While some merchants use the marketplace primarily as an additional business to their own online store, other merchants use the marketplace to supplement their traditional stationery business. Digitization, in particular, is putting increasing pressure on the stationary retail sector. As a result, retailers are increasingly looking for opportunities to take advantage of digitization (Wohllebe, Dirrler, & Podruzsik, 2020). Retailers also seem to be focusing more and more on one or just a few marketplaces as a distribution channel. Marketplaces are also becoming increasingly relevant in the business-to-business sector: Around two-thirds of all German dealers in the B2B sector state that they also want to link their ordering systems to a marketplace or have already done so (ECC Köln & IfH Köln, 2014).

The overall increase in the number of dealers in marketplaces is also increasingly intensifying competition. Driven by high price transparency, consumers can thus benefit from low prices. Therefore, retailers who sell on e-commerce platforms face a business challenge that is particularly serious due to price transparency. On the one hand, costs must be covered and profits generated. But, on the other hand, price is a very important factor in the consumer's buying decision process. For retailers, this raises the pressing question of how to differentiate themselves from the competition in order to be able to generate sales even if they cannot offer the most favorable price. This question is particularly relevant if the (potential) customer has already made the selection for a certain product and is now only looking for the right retailer in a marketplace for the purchase decision.

Key Terms in this Chapter

E-Commerce: E-commerce is the term used to describe the initiation, negotiation, and processing of transactions via the Internet. In the context of this book chapter, this includes, unless otherwise stated, especially transactions between companies and consumers (business-to-consumer/B2C).

Merchant: A merchant in the narrower sense is a company whose business model consists of trading goods, in particular physical goods. For this book chapter, the term “merchant” refers to all types of companies that offer their products in a marketplace.

Consumer Decision Process: The consumer decision process describes consumers' decision-making process, typically in terms of purchasing decisions and weighing several alternatives.

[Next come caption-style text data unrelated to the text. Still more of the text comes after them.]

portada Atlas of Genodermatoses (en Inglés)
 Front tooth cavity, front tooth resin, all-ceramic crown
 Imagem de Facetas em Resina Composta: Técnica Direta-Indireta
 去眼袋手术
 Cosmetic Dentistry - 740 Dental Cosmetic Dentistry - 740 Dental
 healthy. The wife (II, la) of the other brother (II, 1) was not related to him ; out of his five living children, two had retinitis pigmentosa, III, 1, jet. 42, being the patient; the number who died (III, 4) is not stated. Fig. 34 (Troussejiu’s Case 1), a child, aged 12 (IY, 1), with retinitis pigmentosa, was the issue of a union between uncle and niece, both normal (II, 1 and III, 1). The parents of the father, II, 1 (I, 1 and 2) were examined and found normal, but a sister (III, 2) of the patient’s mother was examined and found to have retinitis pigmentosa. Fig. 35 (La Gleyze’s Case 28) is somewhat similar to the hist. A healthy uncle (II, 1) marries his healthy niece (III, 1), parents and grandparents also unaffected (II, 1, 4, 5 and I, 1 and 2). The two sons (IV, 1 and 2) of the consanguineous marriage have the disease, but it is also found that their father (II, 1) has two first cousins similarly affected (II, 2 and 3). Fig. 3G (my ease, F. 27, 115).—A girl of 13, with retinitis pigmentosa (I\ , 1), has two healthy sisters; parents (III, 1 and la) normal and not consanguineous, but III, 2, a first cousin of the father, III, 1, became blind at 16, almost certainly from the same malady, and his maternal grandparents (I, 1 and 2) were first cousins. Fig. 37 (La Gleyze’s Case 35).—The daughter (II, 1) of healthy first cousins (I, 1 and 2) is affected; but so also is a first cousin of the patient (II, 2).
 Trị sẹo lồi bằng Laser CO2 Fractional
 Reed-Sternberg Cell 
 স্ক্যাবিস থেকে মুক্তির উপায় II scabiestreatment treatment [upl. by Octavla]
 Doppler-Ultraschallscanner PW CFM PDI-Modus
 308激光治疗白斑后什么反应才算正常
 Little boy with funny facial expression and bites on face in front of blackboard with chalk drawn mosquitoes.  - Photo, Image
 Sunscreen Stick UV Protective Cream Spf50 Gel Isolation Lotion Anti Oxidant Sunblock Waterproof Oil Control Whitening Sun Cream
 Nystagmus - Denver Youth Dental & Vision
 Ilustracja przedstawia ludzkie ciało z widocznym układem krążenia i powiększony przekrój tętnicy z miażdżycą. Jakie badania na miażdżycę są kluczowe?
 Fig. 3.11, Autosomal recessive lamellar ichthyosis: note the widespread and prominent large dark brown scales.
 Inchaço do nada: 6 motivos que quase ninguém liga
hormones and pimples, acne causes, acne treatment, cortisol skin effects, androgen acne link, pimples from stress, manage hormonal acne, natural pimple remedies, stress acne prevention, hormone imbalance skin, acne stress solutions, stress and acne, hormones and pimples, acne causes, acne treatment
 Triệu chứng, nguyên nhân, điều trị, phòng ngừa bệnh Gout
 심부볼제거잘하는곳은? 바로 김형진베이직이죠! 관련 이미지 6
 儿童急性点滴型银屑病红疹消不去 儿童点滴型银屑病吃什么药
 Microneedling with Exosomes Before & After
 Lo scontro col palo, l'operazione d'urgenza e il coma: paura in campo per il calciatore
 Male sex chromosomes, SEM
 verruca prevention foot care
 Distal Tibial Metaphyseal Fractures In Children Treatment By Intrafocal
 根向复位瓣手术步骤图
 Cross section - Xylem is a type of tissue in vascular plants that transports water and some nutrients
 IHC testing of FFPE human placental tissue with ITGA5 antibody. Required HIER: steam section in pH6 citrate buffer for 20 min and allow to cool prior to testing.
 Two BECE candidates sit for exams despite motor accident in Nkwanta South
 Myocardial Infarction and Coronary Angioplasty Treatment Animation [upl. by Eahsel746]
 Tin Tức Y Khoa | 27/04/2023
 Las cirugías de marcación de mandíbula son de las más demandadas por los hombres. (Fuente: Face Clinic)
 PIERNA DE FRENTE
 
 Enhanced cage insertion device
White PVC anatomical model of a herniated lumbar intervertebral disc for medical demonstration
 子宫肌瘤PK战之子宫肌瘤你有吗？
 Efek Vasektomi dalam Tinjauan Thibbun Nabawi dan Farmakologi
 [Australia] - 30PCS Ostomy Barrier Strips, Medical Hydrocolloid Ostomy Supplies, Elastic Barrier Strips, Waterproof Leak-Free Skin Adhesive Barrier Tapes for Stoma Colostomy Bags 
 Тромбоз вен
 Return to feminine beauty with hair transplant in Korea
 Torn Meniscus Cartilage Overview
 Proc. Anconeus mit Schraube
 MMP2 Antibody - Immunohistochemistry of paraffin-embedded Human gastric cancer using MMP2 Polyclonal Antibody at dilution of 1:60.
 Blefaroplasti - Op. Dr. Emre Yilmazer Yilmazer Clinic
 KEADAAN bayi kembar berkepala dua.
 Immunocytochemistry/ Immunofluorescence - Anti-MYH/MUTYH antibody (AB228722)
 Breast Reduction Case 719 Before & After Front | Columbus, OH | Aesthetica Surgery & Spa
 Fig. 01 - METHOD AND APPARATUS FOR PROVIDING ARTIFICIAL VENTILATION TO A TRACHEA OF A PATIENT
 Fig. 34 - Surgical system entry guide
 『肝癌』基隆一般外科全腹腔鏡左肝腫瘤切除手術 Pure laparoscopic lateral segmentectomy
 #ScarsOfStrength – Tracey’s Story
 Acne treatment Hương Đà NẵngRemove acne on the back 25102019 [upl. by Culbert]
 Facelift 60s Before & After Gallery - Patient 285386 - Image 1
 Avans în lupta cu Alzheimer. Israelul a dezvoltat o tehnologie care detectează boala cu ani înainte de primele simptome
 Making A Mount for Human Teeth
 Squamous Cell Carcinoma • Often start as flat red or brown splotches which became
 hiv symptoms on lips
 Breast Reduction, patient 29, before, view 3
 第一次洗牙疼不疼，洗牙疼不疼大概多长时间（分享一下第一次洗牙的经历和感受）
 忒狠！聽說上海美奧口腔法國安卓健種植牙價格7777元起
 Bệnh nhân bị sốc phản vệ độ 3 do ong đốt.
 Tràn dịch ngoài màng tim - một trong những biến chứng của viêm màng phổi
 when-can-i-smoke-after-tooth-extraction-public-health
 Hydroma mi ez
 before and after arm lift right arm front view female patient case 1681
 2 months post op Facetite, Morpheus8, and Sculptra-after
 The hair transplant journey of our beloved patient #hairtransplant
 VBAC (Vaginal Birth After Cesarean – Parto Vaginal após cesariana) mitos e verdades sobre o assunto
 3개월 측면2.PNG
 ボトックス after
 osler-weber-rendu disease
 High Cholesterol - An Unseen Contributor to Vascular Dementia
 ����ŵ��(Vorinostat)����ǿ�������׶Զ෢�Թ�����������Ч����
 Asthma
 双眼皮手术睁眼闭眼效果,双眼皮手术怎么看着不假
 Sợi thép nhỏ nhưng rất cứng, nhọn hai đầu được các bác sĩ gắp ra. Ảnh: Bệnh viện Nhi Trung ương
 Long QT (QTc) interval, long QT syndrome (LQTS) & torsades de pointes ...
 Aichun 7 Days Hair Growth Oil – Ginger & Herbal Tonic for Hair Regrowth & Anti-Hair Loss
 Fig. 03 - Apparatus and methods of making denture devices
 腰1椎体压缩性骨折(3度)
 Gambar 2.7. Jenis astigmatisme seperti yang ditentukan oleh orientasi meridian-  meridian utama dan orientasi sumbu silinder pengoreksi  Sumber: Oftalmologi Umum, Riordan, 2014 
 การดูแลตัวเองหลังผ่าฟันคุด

The consumer decision process is very close to the buying behavior of consumers or the buying process of consumers and can often be used synonymously in the context of this book chapter.

Buying Behavior: Buying behavior is the cognitive process that a consumer - or, more broadly, a company - goes through to decide to make a purchase.

Ratings: Ratings—here on a marketplace—are the evaluations that a merchant receives from consumers on a marketplace, often following a completed transaction.

Delivery Speed: The delivery speed or delivery time is the time that elapses in e-commerce between ordering a (physical) product and delivery to the customer. Unless explicitly stated otherwise, the term “customer” in this document refers to the consumer.

Platform: A platform is a non-physical digital place that provides several companies with the technological infrastructure to offer or provide their products and services.

Logistic Regression: A logistic regression describes a regression analysis in which the dependent variable is discrete. In the logistic regressions performed in this book chapter, the dependent variable is scaled binary - purchase or non-purchase.